The average user may not notice, but the Global Positioning System (GPS) is more reliable today than it was several years ago.
Widely used by the military, first responders, surveyors and even consumers, GPS is a navigation and positioning system consisting of ground-based monitors and a constellation of satellites that rely on atomic clocks. A statistical method, developed by the National Institute of Standards and Technology (NIST) and tested and implemented with the help of several collaborators, has made the job of analyzing the accuracy and reliability of these satellite-borne time signals significantly faster and easier. The method will help ensure that GPS clocks produce accurate location and distance measurements and remain closely synchronized with official world time.
The NIST method, described in a recent paper,* has been incorporated over the past few years into the GPS clock analysis software system managed by the Naval Research Laboratory (NRL). The satellite clocks--commercial devices based in part on research originally done at NIST--use the natural oscillations of rubidium atoms as "ticks," or frequency standards. The algorithm helps detect and correct GPS time and frequency anomalies. The algorithm also can be used to improve the control of other types of atomic clocks and has been incorporated into commercial software and instruments for various timing applications, according to NIST electronics engineer David Howe, lead author of the paper.
A GPS receiver pinpoints its location based on the distance to three or more GPS satellites at known locations in space.

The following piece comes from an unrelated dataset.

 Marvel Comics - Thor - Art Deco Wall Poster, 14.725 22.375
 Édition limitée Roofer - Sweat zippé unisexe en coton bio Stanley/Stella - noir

The distance is calculated from the time it takes for satellite radio signals to travel to the receiver. Thus, timing accuracy affects distance measurements. The NIST method makes a series of mathematical calculations to account for numerous measures of random "noise" fluctuations in clock operation simultaneously.
This makes it easier to estimate many sources of error and identify the onset of instabilities in the clocks in minutes or hours rather than days. Adjustments then can be made promptly. The technique also could accelerate the evaluation of clocks during the process of building GPS satellites, where test time is at a premium. "Ultimately, it should improve reliability, stability and accuracy for many people who use GPS for time and navigation,"said Howe.
Co-authors of the paper include scientists from NRL, the Jet Propulsion Laboratory at the California Institute of Technology, the Observatoire de Besancon in France, and Hamilton Technical Services in South Carolina.
* D.A. Howe, R.L. Beard, C.A. Greenhall, F. Vernotte, W.J. Riley, T.K. Peppler. Enhancements to GPS operations and clock evaluations using a "total" hadamard deviation. IEEE Transactions on Ultrasonics, Ferroelectrics, and Frequency Control. August 2005.